Source data:

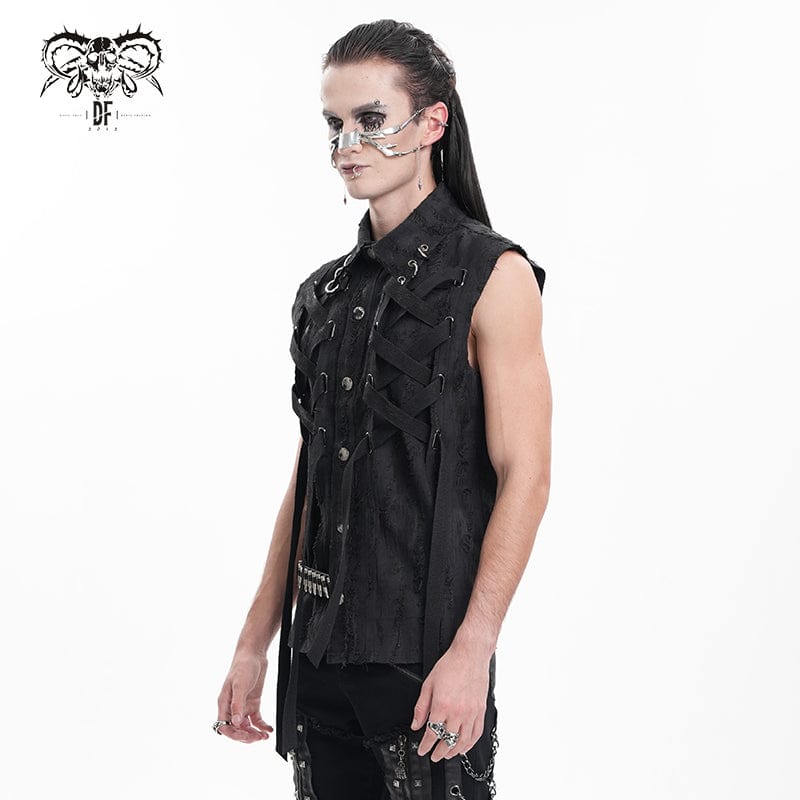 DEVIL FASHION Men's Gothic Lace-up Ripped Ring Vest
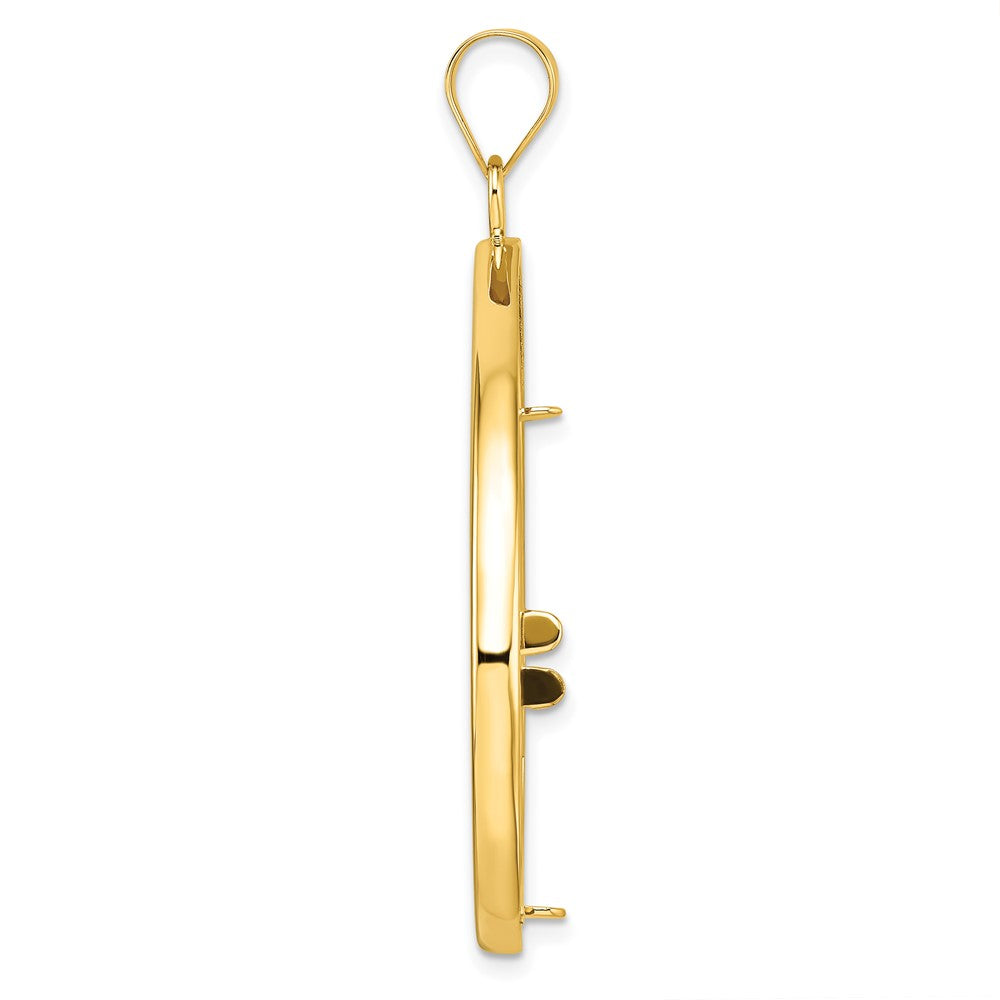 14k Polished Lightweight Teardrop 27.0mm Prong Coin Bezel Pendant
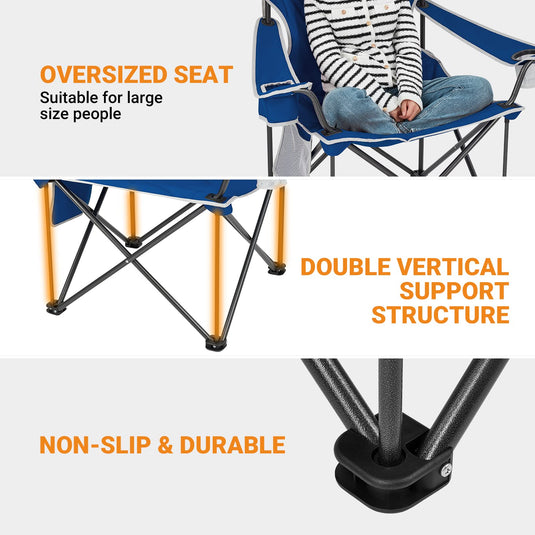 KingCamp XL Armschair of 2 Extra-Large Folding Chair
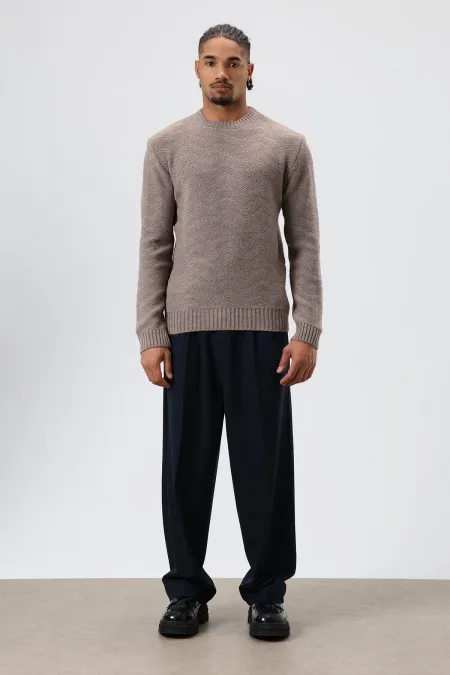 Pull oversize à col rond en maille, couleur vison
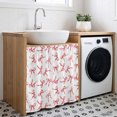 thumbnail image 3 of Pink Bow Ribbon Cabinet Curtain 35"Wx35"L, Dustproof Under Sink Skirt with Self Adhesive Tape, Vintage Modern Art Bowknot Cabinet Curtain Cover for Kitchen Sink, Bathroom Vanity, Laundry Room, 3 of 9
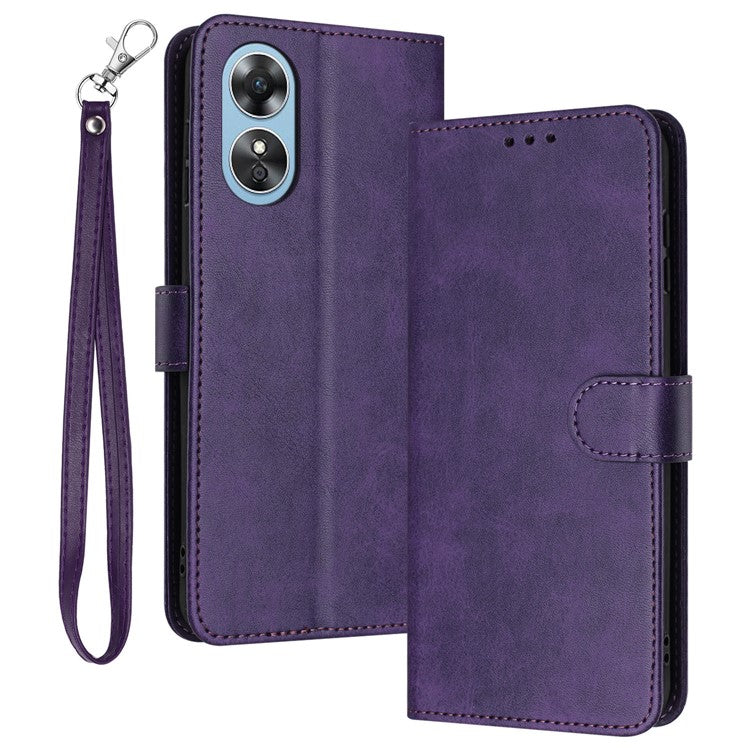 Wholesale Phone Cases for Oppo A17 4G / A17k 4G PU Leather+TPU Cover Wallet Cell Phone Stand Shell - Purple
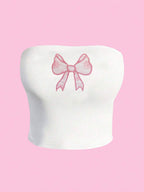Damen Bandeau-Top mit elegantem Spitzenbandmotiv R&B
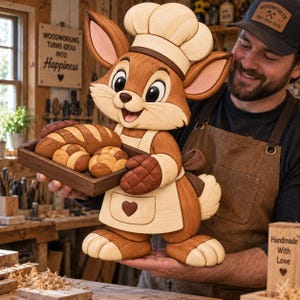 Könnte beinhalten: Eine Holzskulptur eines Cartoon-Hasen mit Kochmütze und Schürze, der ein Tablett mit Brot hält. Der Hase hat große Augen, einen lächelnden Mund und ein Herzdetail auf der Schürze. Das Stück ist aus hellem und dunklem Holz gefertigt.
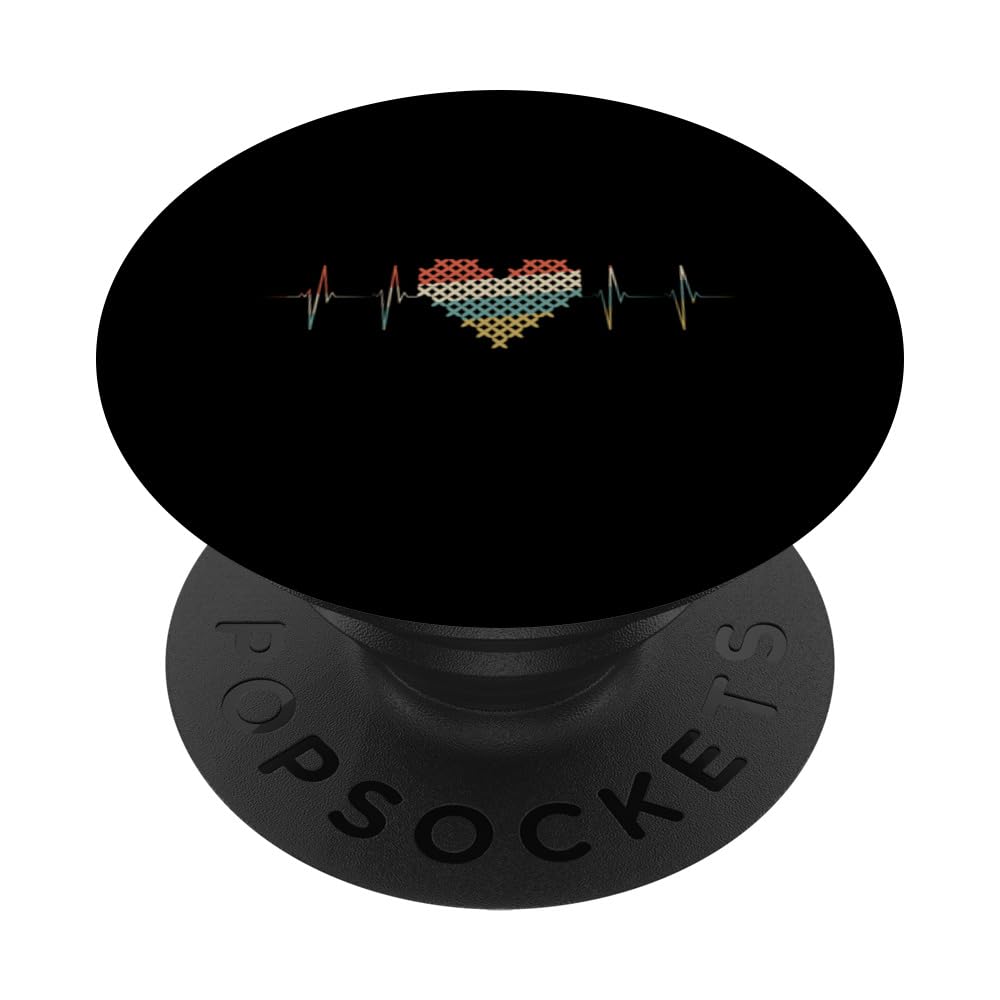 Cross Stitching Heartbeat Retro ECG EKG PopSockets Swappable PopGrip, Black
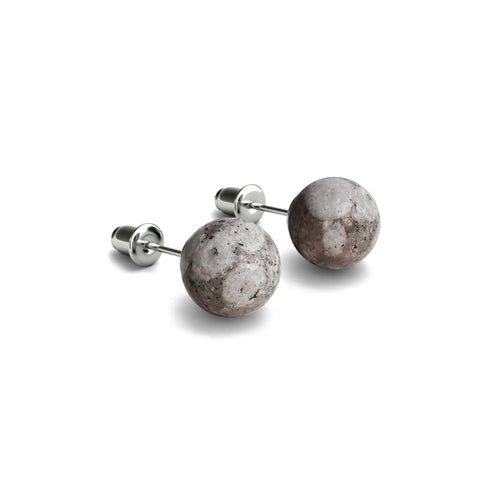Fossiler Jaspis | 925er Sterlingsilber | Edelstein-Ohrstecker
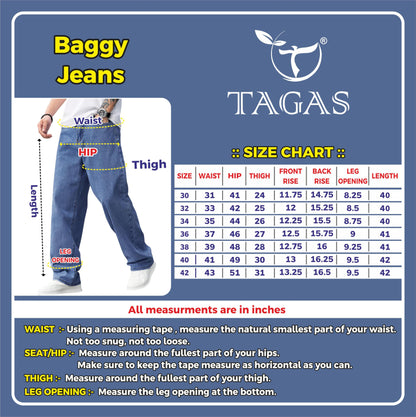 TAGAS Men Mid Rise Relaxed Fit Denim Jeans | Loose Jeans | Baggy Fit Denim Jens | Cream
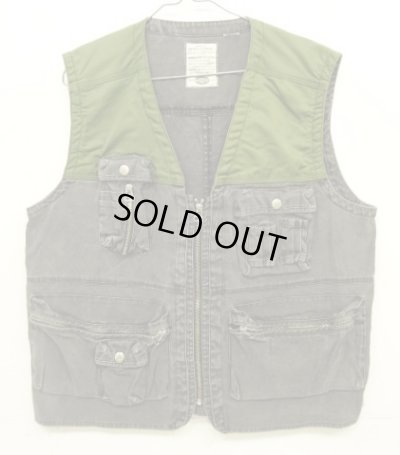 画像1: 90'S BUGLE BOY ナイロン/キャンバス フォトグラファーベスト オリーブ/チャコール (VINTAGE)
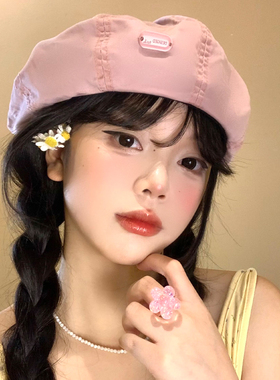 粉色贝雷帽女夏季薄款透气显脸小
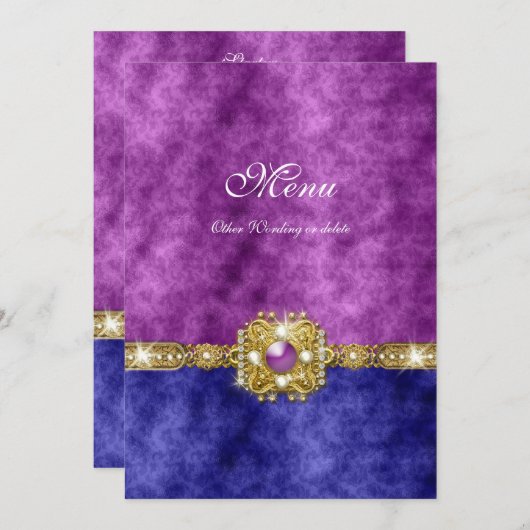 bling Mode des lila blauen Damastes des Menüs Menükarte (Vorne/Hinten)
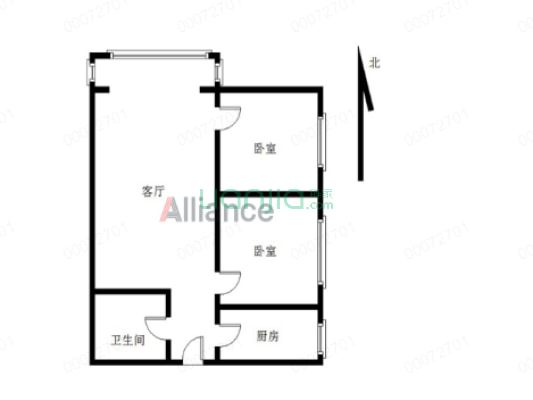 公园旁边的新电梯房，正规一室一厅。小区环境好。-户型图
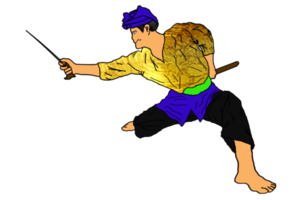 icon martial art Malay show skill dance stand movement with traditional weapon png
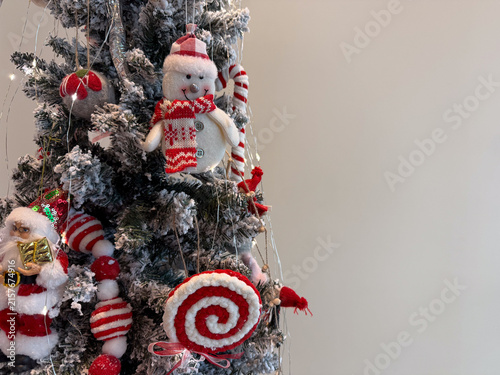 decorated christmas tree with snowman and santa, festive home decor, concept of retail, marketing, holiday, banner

What the task requires: Repeat exactly the lines from the start of the entries down to the line with "Pull oversize à", keeping both ends but none of the pictures.

Result of this exercise:
 DEVIL FASHION Men's Gothic Lace-up Ripped Ring Vest
 14k Polished Lightweight Teardrop 27.0mm Prong Coin Bezel Pendant
 KingCamp XL Armschair of 2 Extra-Large Folding Chair
 Pull oversize à col rond en maille, couleur vison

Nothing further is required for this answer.